Peter Suderman at Reason Hit & Run reported:
Figuring out how to save taxpayers hundreds of millions of dollars on ink is so easy a sixth grader could do it. In fact, one did.
Suvir Mirchandani, a student at a Pittsburgh middle school, decided he wanted to look for ways to reduce waste at his school. So for a school science project, he measured how much ink was used …
…
It turned out his school district could reduce its annual ink usage by 24 percent and save $21,000 a year by switching to Garamond, a lighter font with thinner, less ink-heavy strokes.
After submitting his work to a journal for young researchers run by Harvard grad students, Mirchandani was encouraged to expand his research.
Young Mirchandani took on the more arduous task of analyzing the printer ink usage of the federal government’s General Services Administration and determined that it could cut ink costs by 30% — $136 million per year — by simply changing fonts. State governments, according to his calculations, could save an additional $234 million.
So will the Government Printing Office make a change? I wouldn’t count on it:
Gary Somerset, media and public relations manager at the Government Printing Office, describes Suvir’s work as “remarkable.” But he was noncommittal on whether the GPO would introduce changes to typeface, saying the GPO’s efforts to become more environmentally sustainable were focused on shifting content to the Web.

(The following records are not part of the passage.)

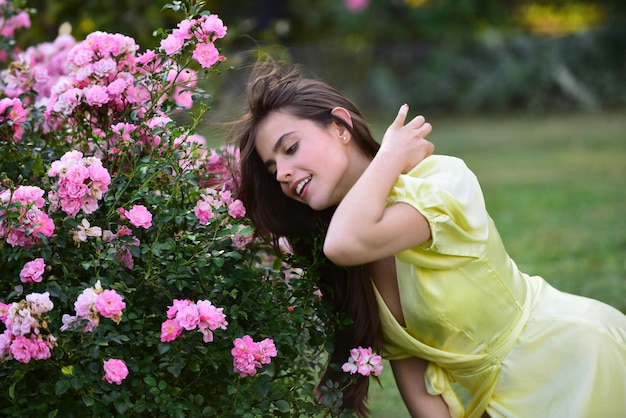 Donna di primavera nel giardino di rose all'aperto. La bellezza naturale gode della ricreazione estiva.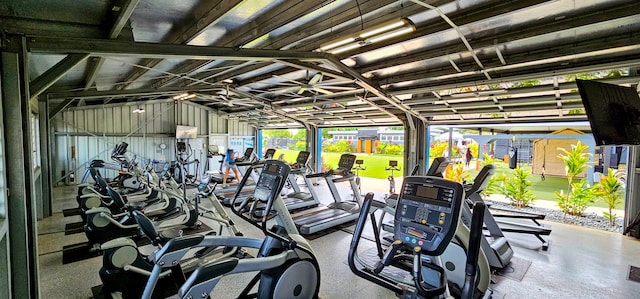 gym with vaulted ceiling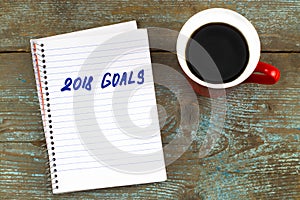 2018 goals list with notebook, cup of coffee on wooden desk. To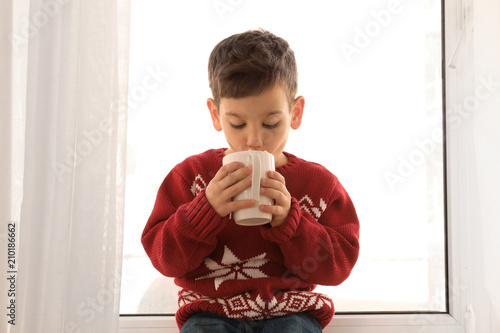 Cute little boy with cup of...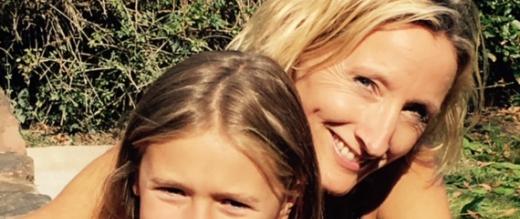 Chloe hugging her daughter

Sounds like Mirchandani may end up learning two lessons: With a little thought, a smart person can find simple ways for the government to save money—and the government doesn’t seem terribly interested in pursuing them.
I’m impressed by Suvir Mirchandani’s efforts. But I’m also a bit disappointed. I suspect his findings are the death knell for my crusade to have all government publications printed in Comic Sans.